Suppose that interest rates are 10%. Dan can purchase either a short term bond or a consol $10. The bond pays $3 each year for three years and then pays its face value of $5 in year 4. The consol pays $1 each year forever.
What is the present value of the bond? What is the present value of the consol?
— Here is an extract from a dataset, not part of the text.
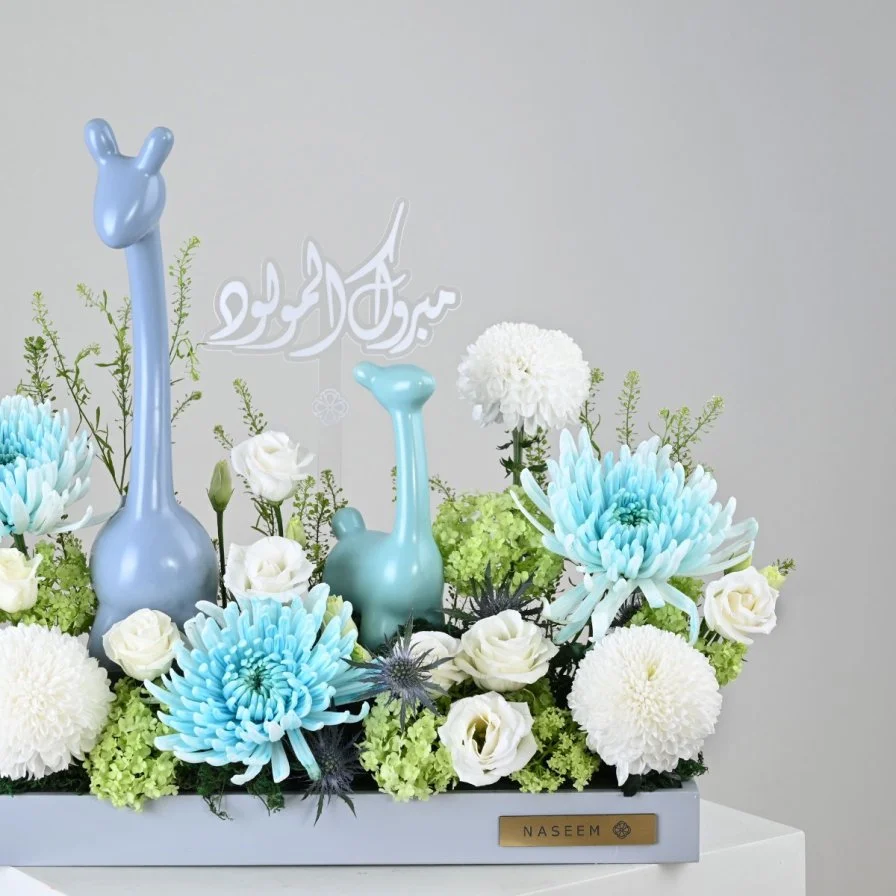 Blue Llama Bloom | Baby Boy Gift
Should bob purchase the bond, the consol or neither asset for $10?
In case of console
Periodic coupon=R=$1 (annual)
Console cost=Co=$10
Present worth of future cash flows=PW=R/i=1/10%=$10
Net present worth=-Co+PW=-10+10=0
In case of bond
Cash flow in year 1=CF!=$3
Cash flow in year 2=CF2=$3
Cash flow in year 3=CF3=$3
Cash flow in year 4=CF4=$5
Rate of interest=10%
PW of future payments=PW=CF1/(1+i%)^1+CF2/(1+i)^2+CF3/(1+i)^3+CF4/(1+i)^4
PW of future payments=PW=3/(1+10%)^1+3/(1+10%)^2+3/(1+10%)^3+5/(1+10%)^4=$10.88
Net present worth=-Co+PW=-10+10.88=$0.88
NPV is higher in case of coupon paying bond. It should be purchased.